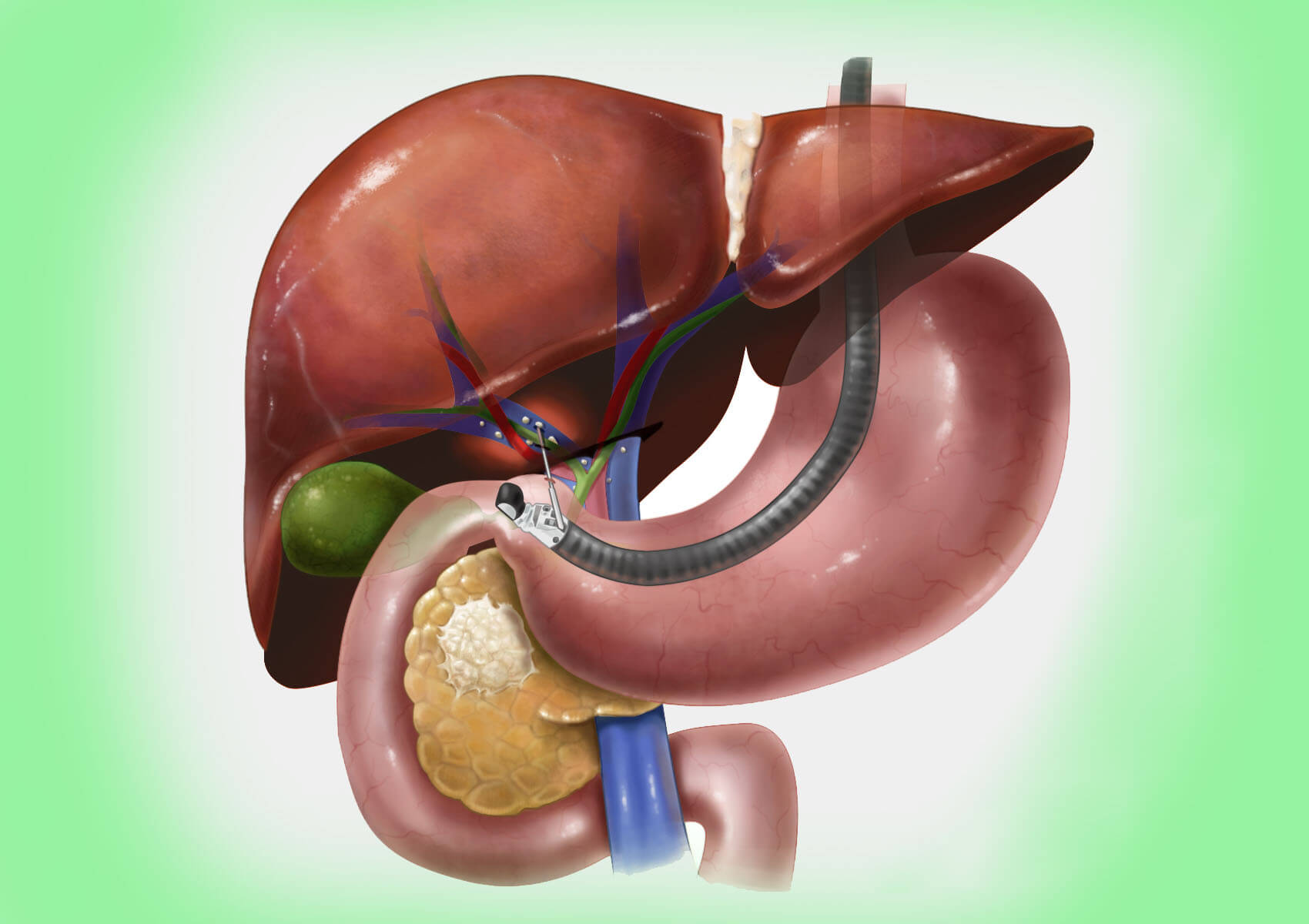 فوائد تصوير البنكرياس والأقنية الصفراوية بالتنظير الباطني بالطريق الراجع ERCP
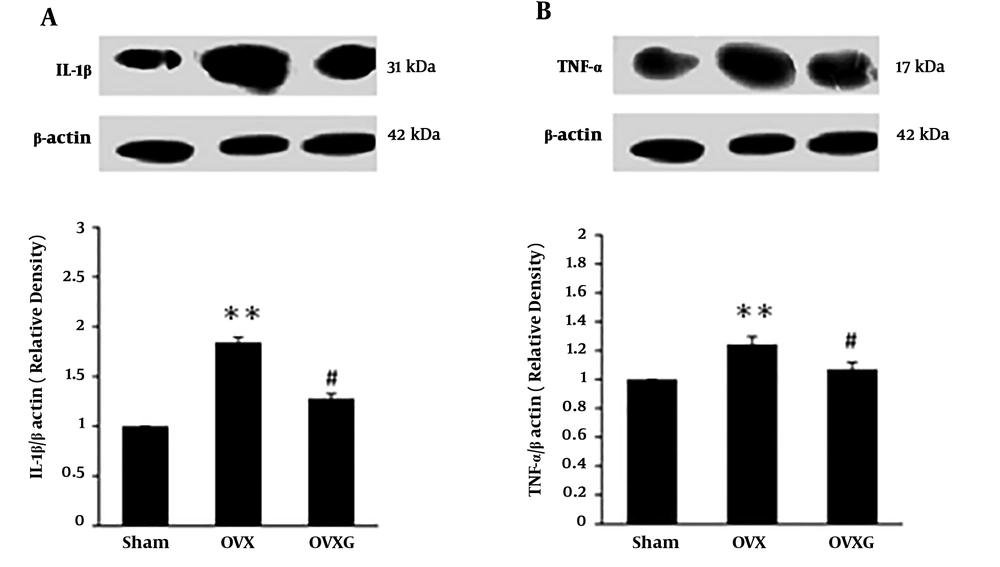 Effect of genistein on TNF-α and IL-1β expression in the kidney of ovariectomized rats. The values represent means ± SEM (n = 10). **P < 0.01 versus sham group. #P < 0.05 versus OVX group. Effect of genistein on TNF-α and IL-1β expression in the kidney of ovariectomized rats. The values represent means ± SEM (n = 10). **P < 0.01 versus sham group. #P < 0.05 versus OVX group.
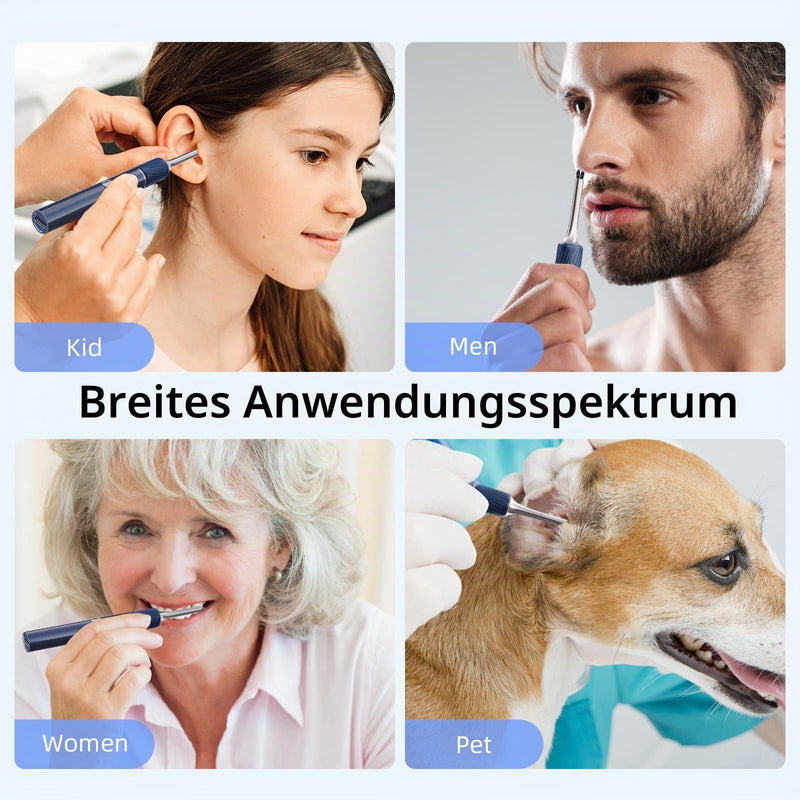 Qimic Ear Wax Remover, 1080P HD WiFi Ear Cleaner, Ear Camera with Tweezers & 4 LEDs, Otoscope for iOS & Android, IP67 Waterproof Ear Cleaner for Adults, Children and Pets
------------
Requirement | Please give the material above again in full, with no pictures in your version.

Exercise output |
 فوائد تصوير البنكرياس والأقنية الصفراوية بالتنظير الباطني بالطريق الراجع ERCP
 Effect of genistein on TNF-α and IL-1β expression in the kidney of ovariectomized rats. The values represent means ± SEM (n = 10). **P < 0.01 versus sham group. #P < 0.05 versus OVX group. Effect of genistein on TNF-α and IL-1β expression in the kidney of ovariectomized rats. The values represent means ± SEM (n = 10). **P < 0.01 versus sham group. #P < 0.05 versus OVX group.
 Qimic Ear Wax Remover, 1080P HD WiFi Ear Cleaner, Ear Camera with Tweezers & 4 LEDs, Otoscope for iOS & Android, IP67 Waterproof Ear Cleaner for Adults, Children and Pets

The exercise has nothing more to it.